Power resistors in vacuum furnaces

• Accurate power control of graphite heater connected over 3-phase through a transformer
• Real time process alarms and diagnostic of power control unit
• Advanced power controller to form an integral and robust control system

A vacuum furnace is used for metal / steel / ceramic parts requiring precise heat treatment at high temperature.

Vacuum in the chamber is created by extracting out air end other gases to prevent oxidation, heat loss from the product and remove any source of contamination.

Vacuum furnaces are used for wide range of applications in both production industries and research laboratories. Processes such as annealing, brazing, sintering requiring consistency and low contamination are carried out in the vacuum furnace.

An inert gas such as Argon is often used to quickly cool the treated metals back to non-metallurgical levels (below 200°C) after the desired process in the furnace.

The graphite heating elements can operate over 2000°C (3632°F) in an inert or in a vacuum atmosphere only. It is critical process and has to work in auto mode.

Because of non-linear and non-standard operating condition, power controller has to be intelligent and devised to operate factoring below conditions.

Graphite resistance curve

It decreases approximately 20% from 20°C (68°F) to around 500°C (932°F) then increases, until at 3000°C (5432°F) it can be 1.4 times the value measured at 20°C (68°F).

Heater operating voltage 24/70 Vac

Require a transformer 380/480 Vac: 24/70 Vac

Predictive maintenance

Real time diagnostic of the heater and of the power

controller to prevent damages, short circuits and consequent plant shut down.

Functionality of the GPC

• Configurable SCR (Thyristor) firing method
• Configurable control mode to suit different resistance curve of heaters including current limit and power feedback
• Three phases with two or three legs control
• Connectivity: most commonly used Ethernet field bus
• Input signal: manual, 0-10V/4-20mA, via field bus
• Configuration of power controller through PC and/ or hand-held terminal

Various Diagnostic and Predictive maintenance

• Continuous temperature monitoring of power terminals of the controller via 12 embedded thermistors
• Heater break alarm and customised power control strategy for continuous power to heaters
• Monitoring of line voltage, line frequency, load current, load impedance and load power.

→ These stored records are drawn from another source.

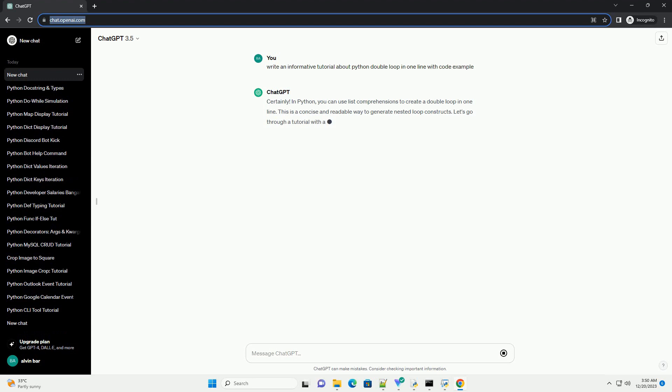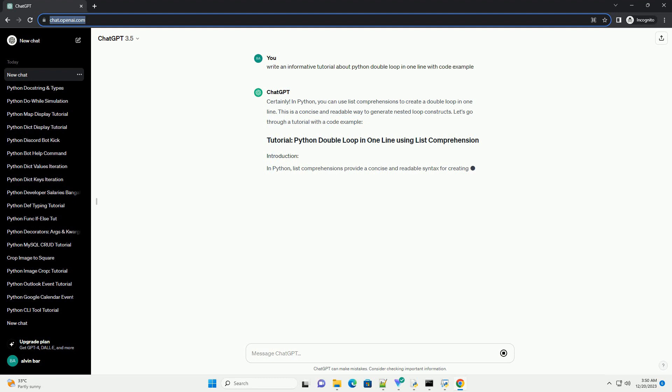In Python, you can use list comprehensions to create a double loop in one line. This is a concise and readable way to generate nested loop constructs. Let's go through a tutorial with a code example.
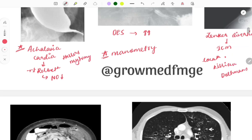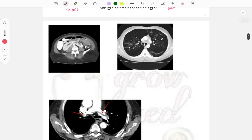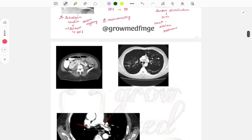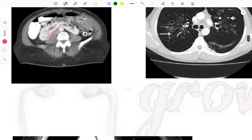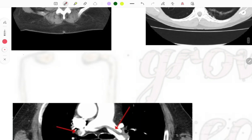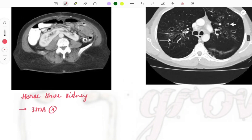Those were the important esophageal barium swallow diseases. Next is the famous horseshoe kidney image — the kidney appears horseshoe-shaped. This occurs due to abnormal ascent, where the inferior mesenteric artery prevents the kidney from traveling upward. Horseshoe kidney is most commonly seen in male children.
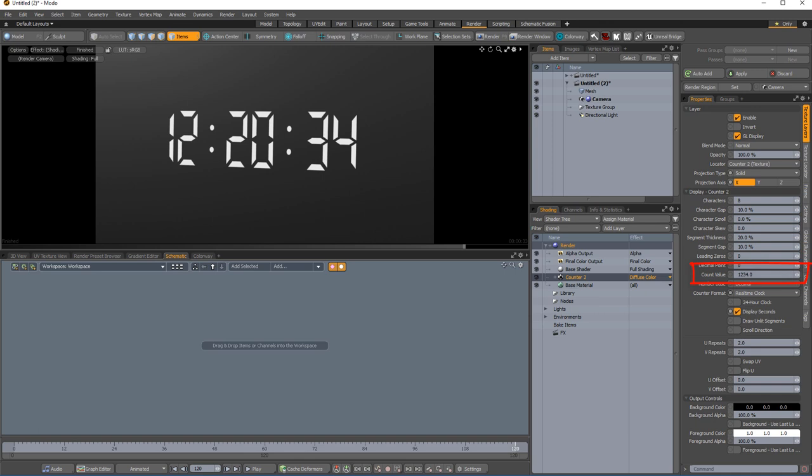The count value specifies the number that is shown in the display. In the case of time, the value is represented in seconds, then converted to hours and minutes in the display.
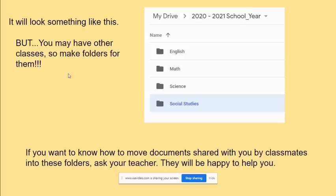If you want to know how to move documents shared by your classmates into these folders and you don't understand from the quick description we've given you, just ask your teacher and they'll be happy to help.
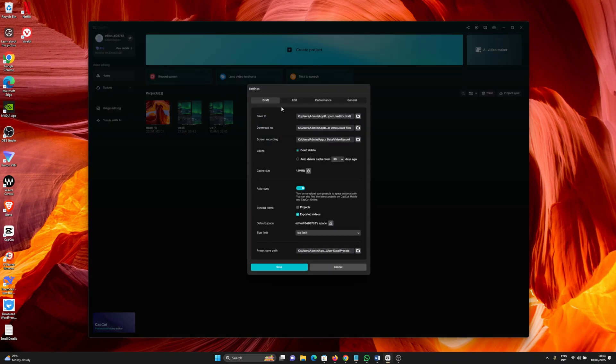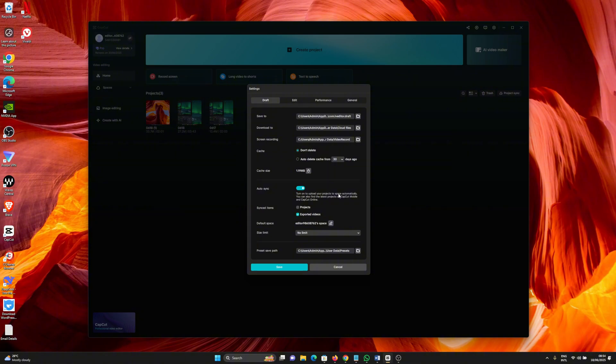From here, just scroll down to Synced Items right here. Now you can see the option to Auto Sync. It says turn on to upload your projects to space automatically. You can also find the latest projects on CapCut mobile and CapCut online.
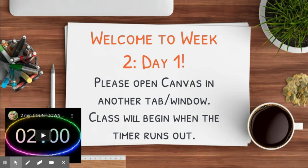Hello, Period 1 and Period 3 IB English students. Welcome to Week 2, Day 1. This video is designed for students who missed our live Zoom class. There is a separate video for the Period 8 class, so if you are in Period 8, you should not be watching this video. Let's get into what we're doing.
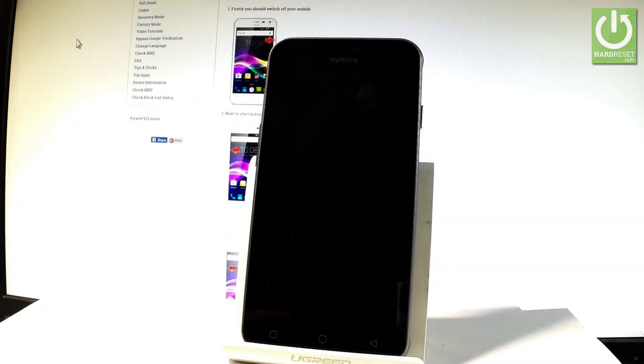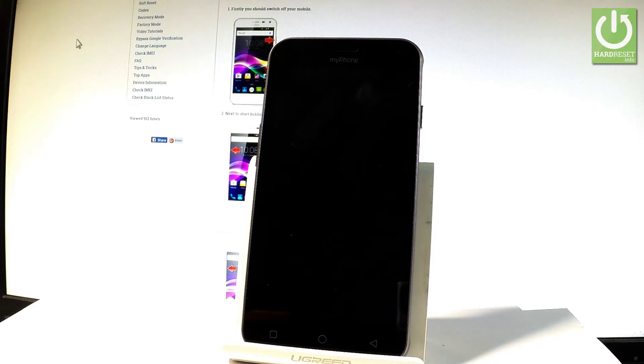I have MyFoneFun5 and let me show you how to accomplish the hard reset operation in this device by using the MyFone settings.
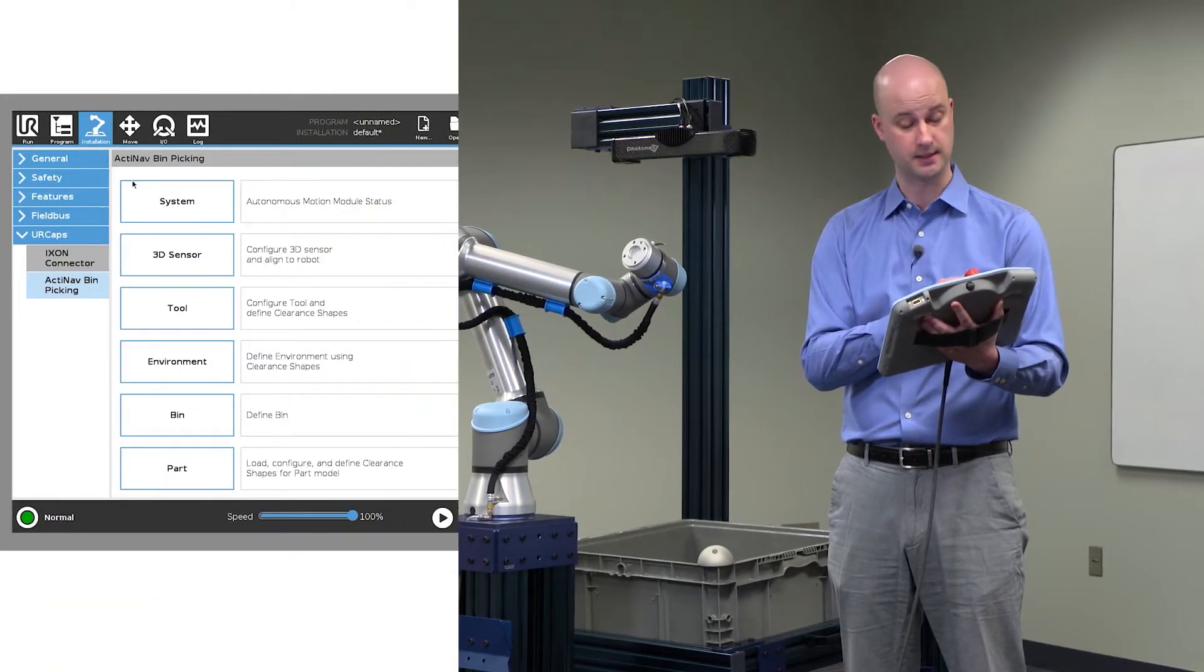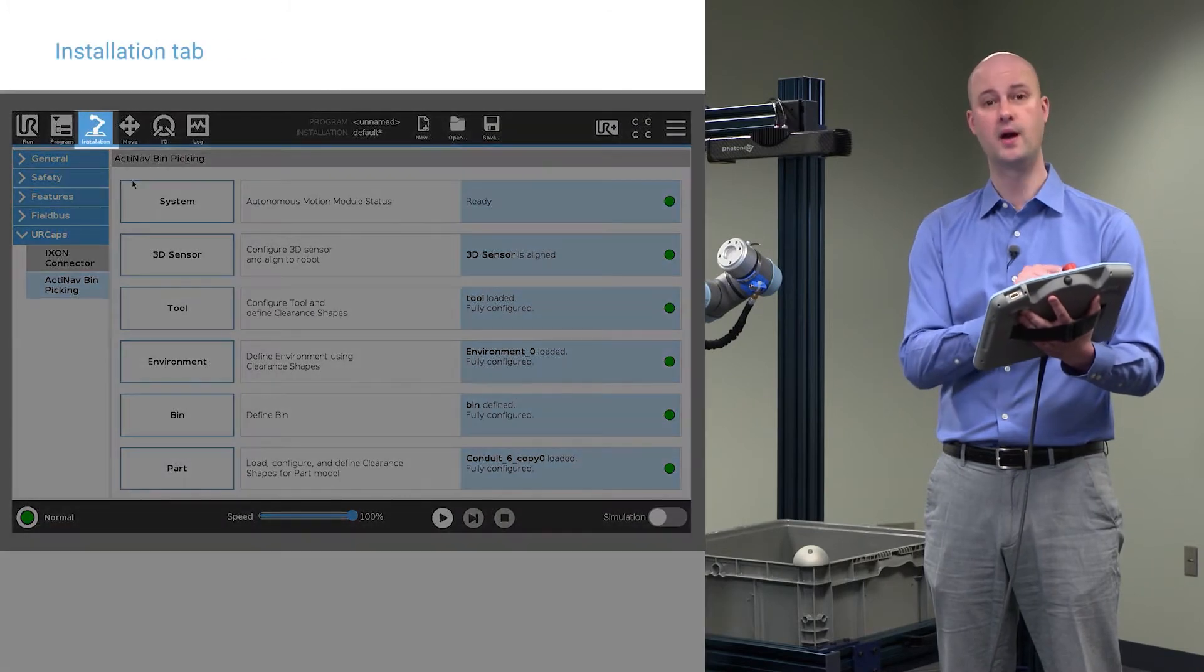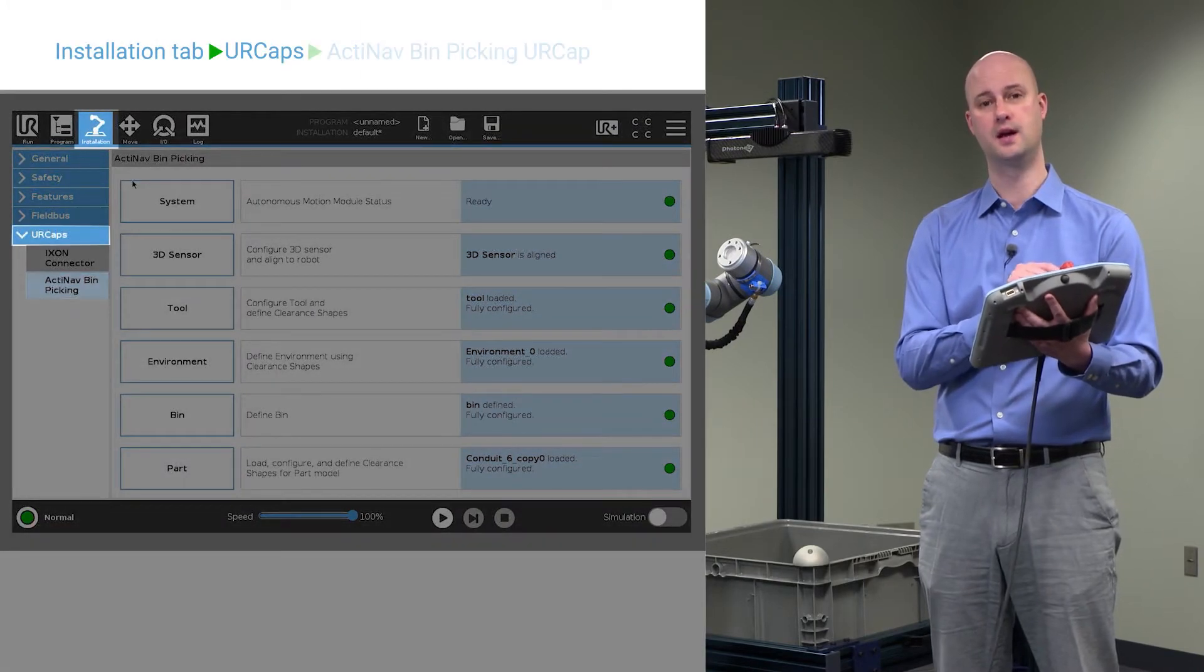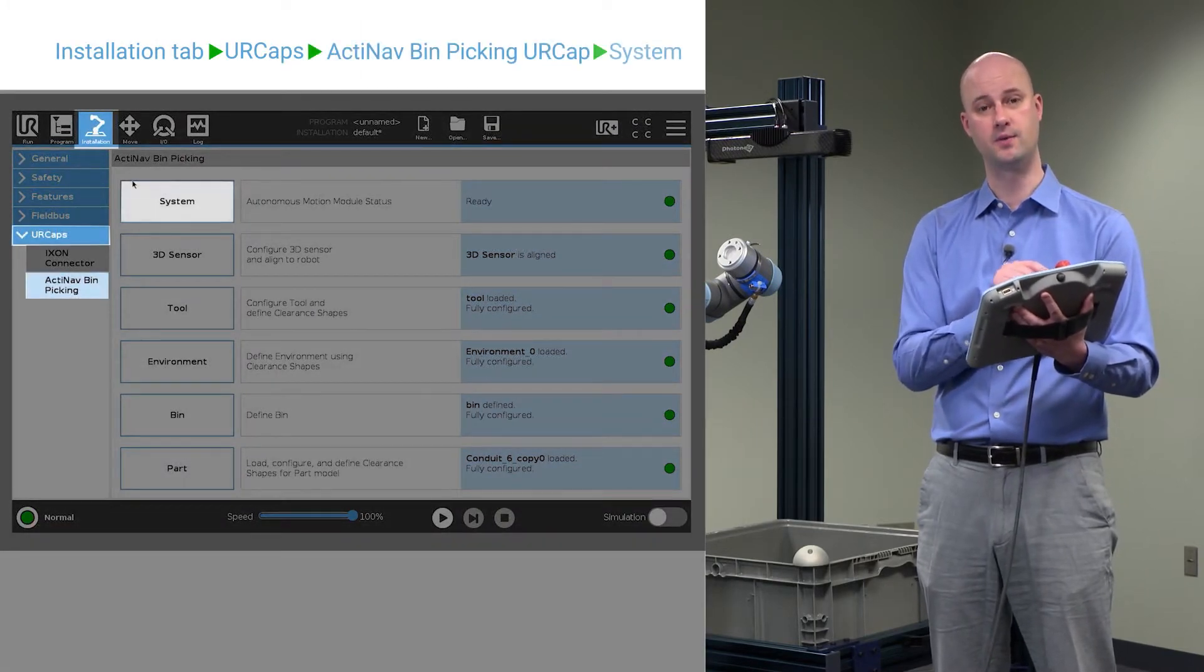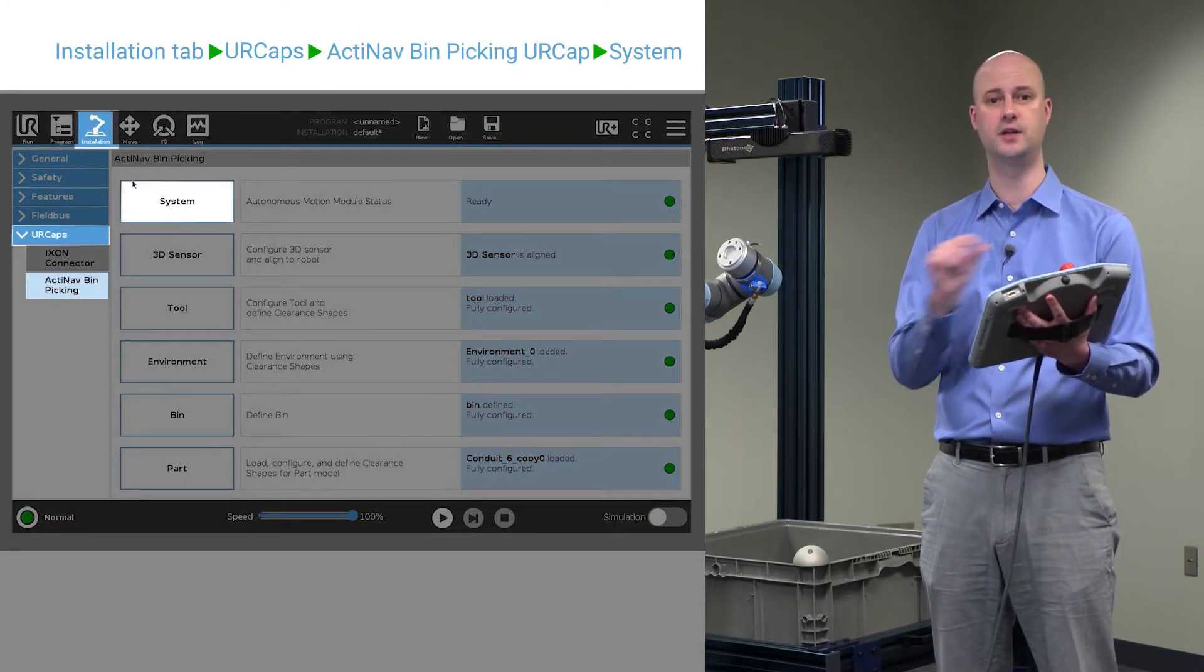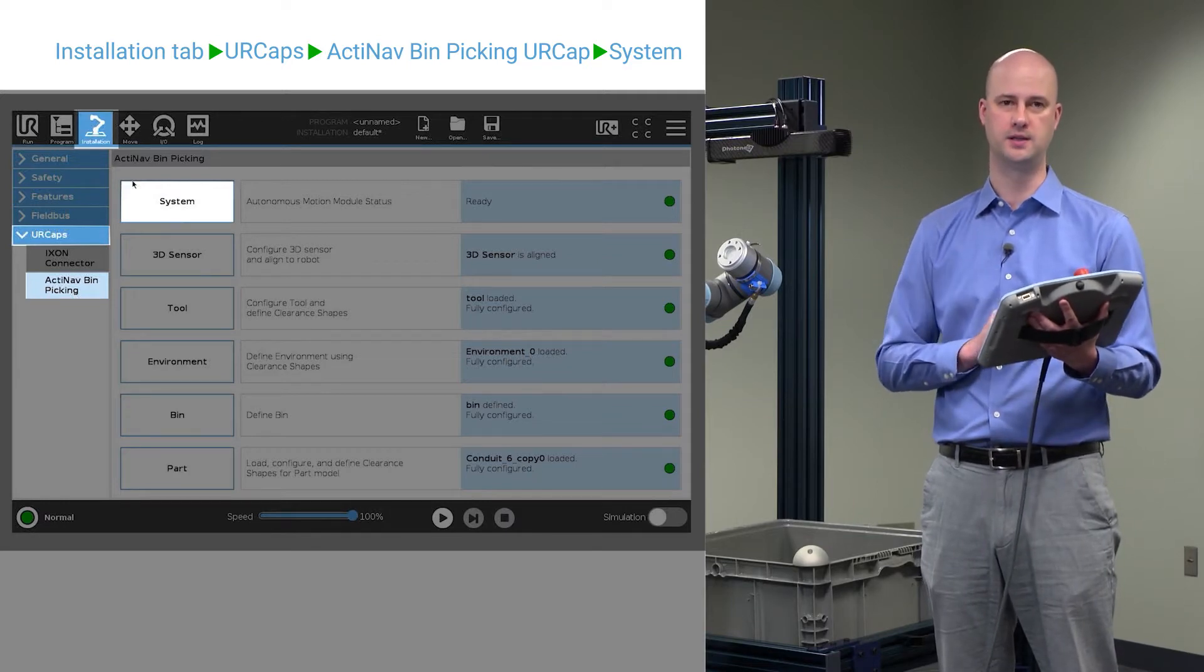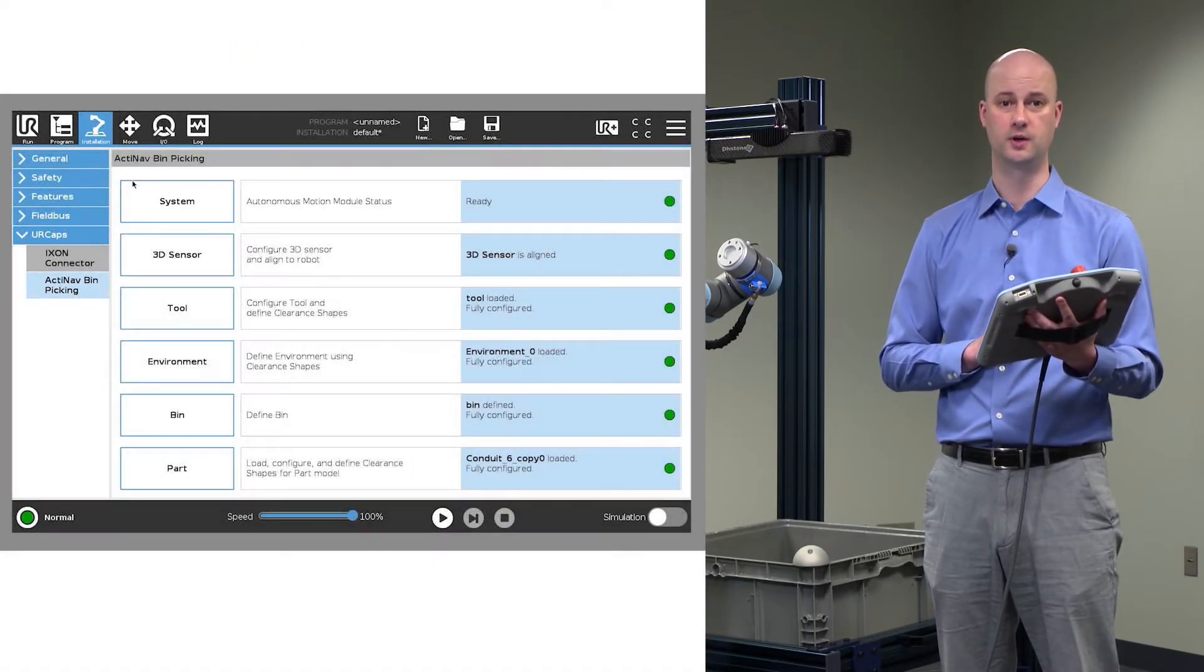When you click Step 1, System, you'll see the system state, whether the Autonomous Motion Module is actively communicating or not with the E-Series Controller.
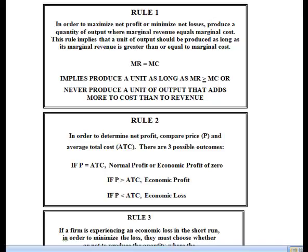After doing the graphical analysis and knowing that quantity, apply Rule 2. Rule 2 says: in order to determine net profit, compare price and average total cost. There are three possible outcomes: if price equals average total cost, the firm earned a normal profit or an economic profit of zero; if price is greater than average total cost, they're earning an economic profit; and if price is less than average total cost, they're experiencing an economic loss. Rule 2 tells you how to determine if they're making a profit or a loss.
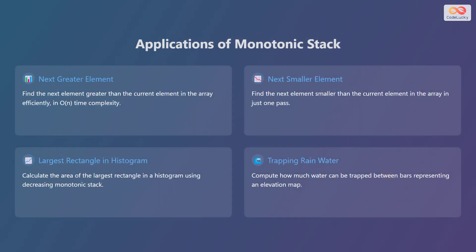Monotonic stacks are useful in solving a variety of problems. A classic application is finding the next greater element for each element in an array. You can also find the next smaller element using monotonic stacks. Another common problem is determining the largest rectangle in a histogram. Monotonic stacks can also be used to compute how much rainwater can be trapped between bars in an elevation map. These are just a few examples, but they demonstrate the versatility of monotonic stacks in solving array-related problems.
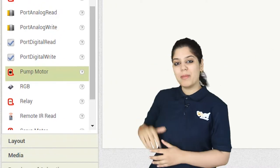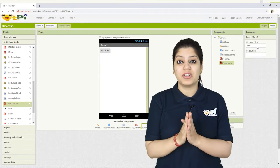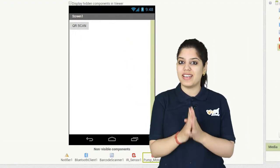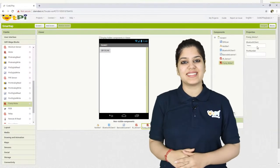You can drag and drop the pump motor onto the viewer. It is a non-visible component which will never be displayed on the viewer section.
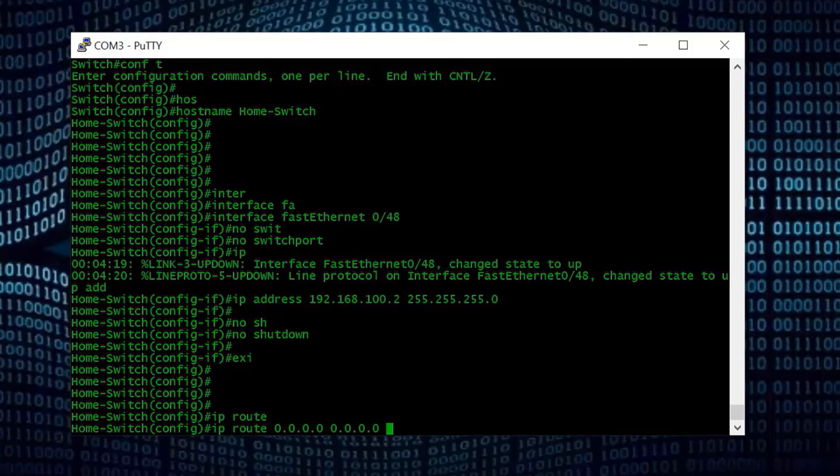Running 'show run' on the switch confirms the full configuration: the three DHCP pools with network, default-router, and DNS settings; Fast Ethernet 0/48 configured as a Layer 3 port with IP 192.168.100.2; VLANs 10, 20, and 30 created with their respective IP addresses; and interfaces assigned to each VLAN. The switch-side configuration is complete.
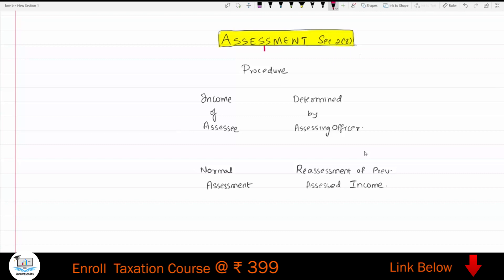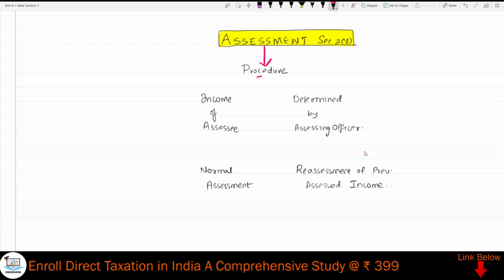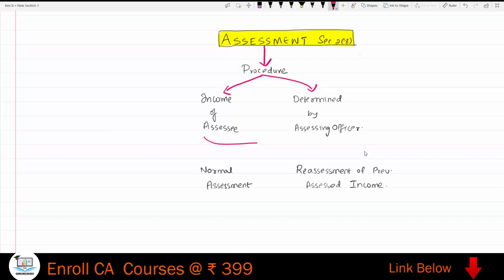Assessment is basically a procedure by which the income of an assessee will be determined by the assessing officer. The assessing officer is going to determine the income of an assessee, and we call it assessment.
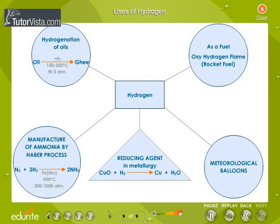Uses of Hydrogen. Hydrogen is used to hydrogenate oils to Vanaspati or ghee. It is used as a rocket fuel and in hydrogen balloons. It is used as a reducing agent in metallurgy where metals are extracted from their oxides. It is also used in the commercial preparation of ammonia by the Haber's process.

GPC Power controller provides the required control mode of the SCRs and it drives primary of the transformer.

Power feedback control function

To keep the power transferred to the heater constant, compensating for the voltage variation and of the ohmic value variation (up to +30%) caused by oxidation of the heater (Figure 2).

Soft start

Required for the start-up of the furnace when the heater is cold to avoid the damaging of the graphite heaters.

Transformer control: Delay trigger

For the transformer to avoid the “inrush current” that Initially can be 6 – 10 times the rated load current. A dedicated delay trigger feature inserts a trigger delay on the first cycle (as shown in the image below) in order to allow the exhaustion of residual magnetism (Figure 3).

Predictive maintenance

A problem such as loose cable connection can have serious consequences over time. If not properly controlled, the heat increases at the point where the connections could begin to melt or generate sparks that could ignite fire. Predictive maintenance provided with GPC allow to measure the over temperature on all power cables wire clamping in order to prevent dangerous situation.

Self-learning Heater Break alarm setpoint

HB alarm limit depends on the load type / connection and firing mode. Moreover, these thresholds can be different for each controlled phase.

• A Self-learning alarm threshold feature is available for an easy, quick and safe configuration.
• GPC automatically starts a current reading procedure with a list of power output % value and automatically set the suitable threshold.

Optimal configuration

The two-leg control for three phase load (Figure 4) offers cost benefits compared to the 3-leg control. It also saves space in the control cabinet and reduces heat generated by thyristors.